Overall, the first chapter gives a picture of a youth culture out of control with mindless, machinelike violence, a youth culture that respects nothing. The gang’s first choice of victim shows that they have a special contempt for books and learning. This is significant, as the first step governments take toward totalitarianism is to discourage books and censor their citizens’ reading material. When the boys tell the man that his books are obscene and must be destroyed, they are unconsciously supporting the government’s agenda. A freethinking and reading citizenry is not good for a totalitarian government, as they are difficult to control. But a citizenry that constantly lives in fear is easy to control.
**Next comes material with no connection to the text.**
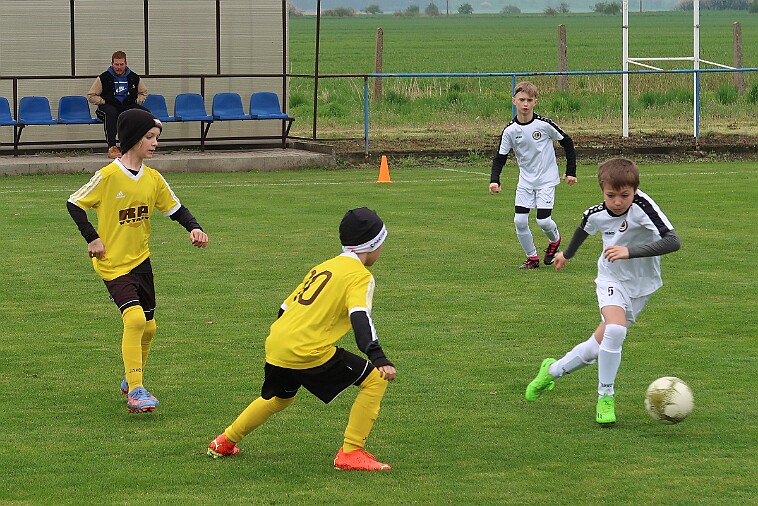 230429 - České Meziříčí - Venkovní přebory OFS U10 - ©PR - 013 null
Alex and his pals are perfect tools of their government.
The gang’s mockery of the love letters they find in the “schoolmaster type” man’s pockets shows that they have no concept of simple love and affection for another person. Indeed as we shall see throughout the novel, Alex and his friends view women as mere sexual objects, with no concern for their well-being. The love letter in which a man asks a woman to “wrap up warmly when you go out” seems ridiculous to them.
While the narrator, Alex, addresses the reader in a familiar, chummy fashion, allowing the reader to see his inner thoughts as if he were a friend, he arouses little sympathy. Alex seems to be a sadistic monster with no conscience and no hope of redemption. The chapter ends with the thought, “the night is still very young,” suggesting that more violence is yet to be seen.